Task data —
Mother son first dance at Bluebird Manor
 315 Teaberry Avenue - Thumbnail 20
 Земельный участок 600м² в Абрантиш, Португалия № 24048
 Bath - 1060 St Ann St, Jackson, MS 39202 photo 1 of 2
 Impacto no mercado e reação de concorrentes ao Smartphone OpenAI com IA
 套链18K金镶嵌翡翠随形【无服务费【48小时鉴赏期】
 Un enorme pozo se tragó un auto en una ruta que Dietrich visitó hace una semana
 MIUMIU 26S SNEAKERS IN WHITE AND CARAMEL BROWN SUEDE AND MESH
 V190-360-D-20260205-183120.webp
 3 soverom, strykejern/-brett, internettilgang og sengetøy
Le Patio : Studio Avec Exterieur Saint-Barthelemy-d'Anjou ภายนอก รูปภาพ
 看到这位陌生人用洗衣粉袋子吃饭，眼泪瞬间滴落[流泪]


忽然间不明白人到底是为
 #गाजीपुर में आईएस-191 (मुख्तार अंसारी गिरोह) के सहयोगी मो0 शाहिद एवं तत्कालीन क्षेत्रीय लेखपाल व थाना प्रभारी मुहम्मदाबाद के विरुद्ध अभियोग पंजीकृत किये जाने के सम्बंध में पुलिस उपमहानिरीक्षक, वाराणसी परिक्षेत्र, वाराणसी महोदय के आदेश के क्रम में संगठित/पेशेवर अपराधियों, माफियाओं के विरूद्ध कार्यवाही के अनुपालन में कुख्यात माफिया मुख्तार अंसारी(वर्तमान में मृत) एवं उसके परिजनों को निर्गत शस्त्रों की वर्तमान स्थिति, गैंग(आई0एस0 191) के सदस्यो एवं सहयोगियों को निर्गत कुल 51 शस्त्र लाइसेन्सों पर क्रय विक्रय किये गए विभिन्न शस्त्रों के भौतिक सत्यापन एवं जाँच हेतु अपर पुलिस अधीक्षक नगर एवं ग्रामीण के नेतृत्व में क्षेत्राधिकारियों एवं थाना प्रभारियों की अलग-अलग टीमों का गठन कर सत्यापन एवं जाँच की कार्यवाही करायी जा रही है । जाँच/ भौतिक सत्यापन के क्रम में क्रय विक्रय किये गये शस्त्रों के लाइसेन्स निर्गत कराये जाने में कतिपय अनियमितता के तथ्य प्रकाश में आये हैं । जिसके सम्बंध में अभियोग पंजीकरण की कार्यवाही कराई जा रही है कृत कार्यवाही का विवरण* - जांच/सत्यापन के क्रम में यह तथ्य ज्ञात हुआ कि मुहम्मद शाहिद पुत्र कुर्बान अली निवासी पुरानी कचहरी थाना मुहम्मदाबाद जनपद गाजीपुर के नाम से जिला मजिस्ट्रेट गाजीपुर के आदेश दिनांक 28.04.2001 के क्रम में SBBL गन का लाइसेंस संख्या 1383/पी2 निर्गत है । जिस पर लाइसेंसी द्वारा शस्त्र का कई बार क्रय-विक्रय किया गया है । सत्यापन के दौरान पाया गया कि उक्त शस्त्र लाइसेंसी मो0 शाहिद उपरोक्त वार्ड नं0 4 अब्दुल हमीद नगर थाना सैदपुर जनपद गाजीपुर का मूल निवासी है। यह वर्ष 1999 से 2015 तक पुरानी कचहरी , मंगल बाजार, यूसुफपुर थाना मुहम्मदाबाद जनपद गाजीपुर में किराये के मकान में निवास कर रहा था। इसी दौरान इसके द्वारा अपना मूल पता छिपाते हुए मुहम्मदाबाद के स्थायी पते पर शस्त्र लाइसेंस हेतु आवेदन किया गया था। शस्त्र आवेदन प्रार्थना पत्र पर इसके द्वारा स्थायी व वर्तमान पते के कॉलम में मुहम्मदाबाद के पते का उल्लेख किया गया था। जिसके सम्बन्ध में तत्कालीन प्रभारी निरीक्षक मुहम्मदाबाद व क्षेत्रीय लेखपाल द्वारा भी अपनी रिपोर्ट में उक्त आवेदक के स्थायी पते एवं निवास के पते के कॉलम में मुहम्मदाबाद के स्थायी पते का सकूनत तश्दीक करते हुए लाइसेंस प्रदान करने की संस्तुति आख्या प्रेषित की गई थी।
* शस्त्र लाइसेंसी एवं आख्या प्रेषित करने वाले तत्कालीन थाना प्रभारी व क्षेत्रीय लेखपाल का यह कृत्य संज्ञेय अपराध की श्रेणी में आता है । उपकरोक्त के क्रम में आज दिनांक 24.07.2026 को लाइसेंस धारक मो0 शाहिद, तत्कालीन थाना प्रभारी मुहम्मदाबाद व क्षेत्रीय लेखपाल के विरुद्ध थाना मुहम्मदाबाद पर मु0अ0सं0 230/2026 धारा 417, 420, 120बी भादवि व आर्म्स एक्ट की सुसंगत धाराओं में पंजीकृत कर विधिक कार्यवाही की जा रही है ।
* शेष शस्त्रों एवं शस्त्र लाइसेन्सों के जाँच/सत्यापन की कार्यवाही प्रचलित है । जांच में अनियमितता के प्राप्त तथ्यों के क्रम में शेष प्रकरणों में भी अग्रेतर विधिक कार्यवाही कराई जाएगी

Work order —
All lines above from the line with "Le Patio : Studio" through the line with "忽然间不明白人到底是为", both included, are to be set down exactly, with nothing else.

Response to this task —
Le Patio : Studio Avec Exterieur Saint-Barthelemy-d'Anjou ภายนอก รูปภาพ
 看到这位陌生人用洗衣粉袋子吃饭，眼泪瞬间滴落[流泪]


忽然间不明白人到底是为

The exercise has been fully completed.